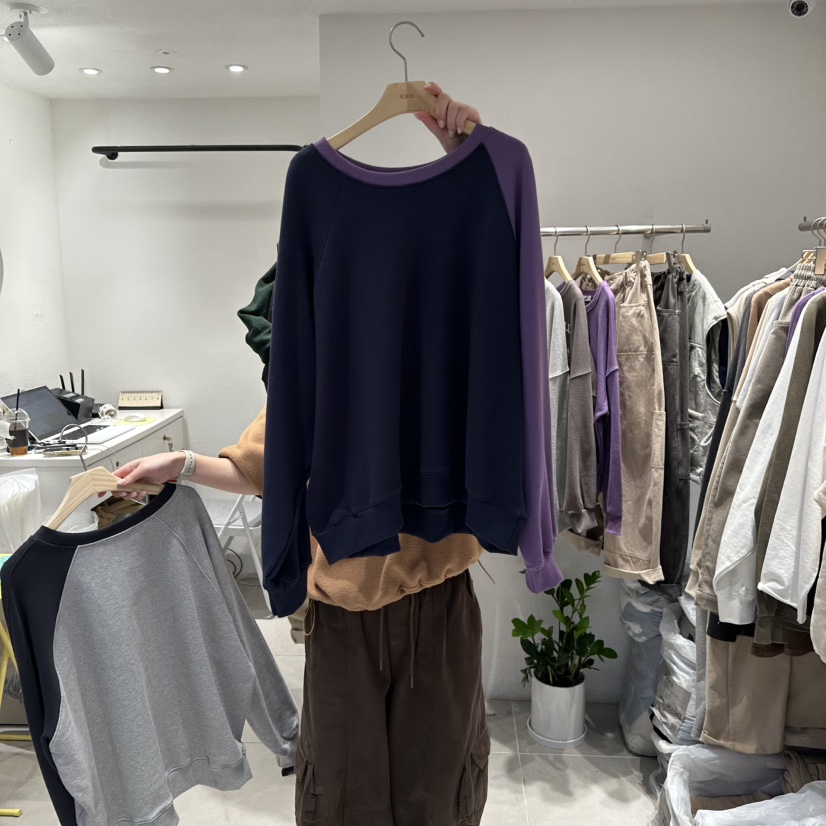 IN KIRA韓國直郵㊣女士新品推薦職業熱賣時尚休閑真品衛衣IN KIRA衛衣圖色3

--

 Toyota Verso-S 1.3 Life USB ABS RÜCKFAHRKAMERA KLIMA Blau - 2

---

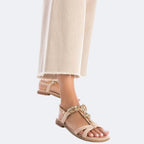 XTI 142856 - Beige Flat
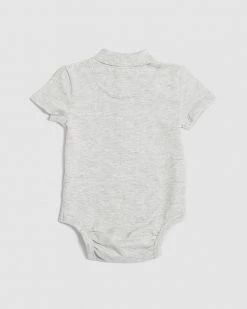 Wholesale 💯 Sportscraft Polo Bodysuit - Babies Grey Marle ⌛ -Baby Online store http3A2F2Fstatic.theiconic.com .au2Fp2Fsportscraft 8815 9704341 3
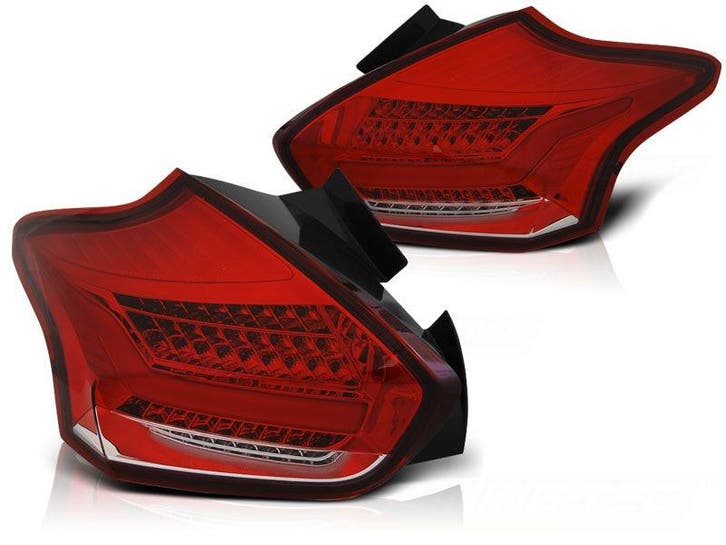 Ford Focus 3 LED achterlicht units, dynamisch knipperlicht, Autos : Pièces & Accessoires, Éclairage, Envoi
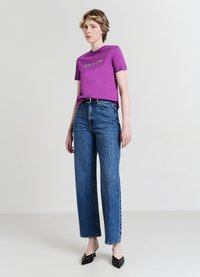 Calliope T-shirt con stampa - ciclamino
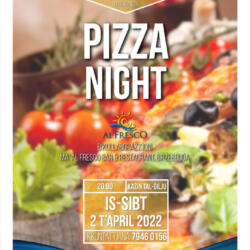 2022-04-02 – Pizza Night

DIRECTIONS FOR THIS TASK.
Respond with the exact lines above running from the one containing "Ford Focus 3" to the one containing "2022-04-02 – Pizza Night", both ends kept and no pictures included.

YOUR RESPONSE.
 Ford Focus 3 LED achterlicht units, dynamisch knipperlicht, Autos : Pièces & Accessoires, Éclairage, Envoi
 Calliope T-shirt con stampa - ciclamino
 2022-04-02 – Pizza Night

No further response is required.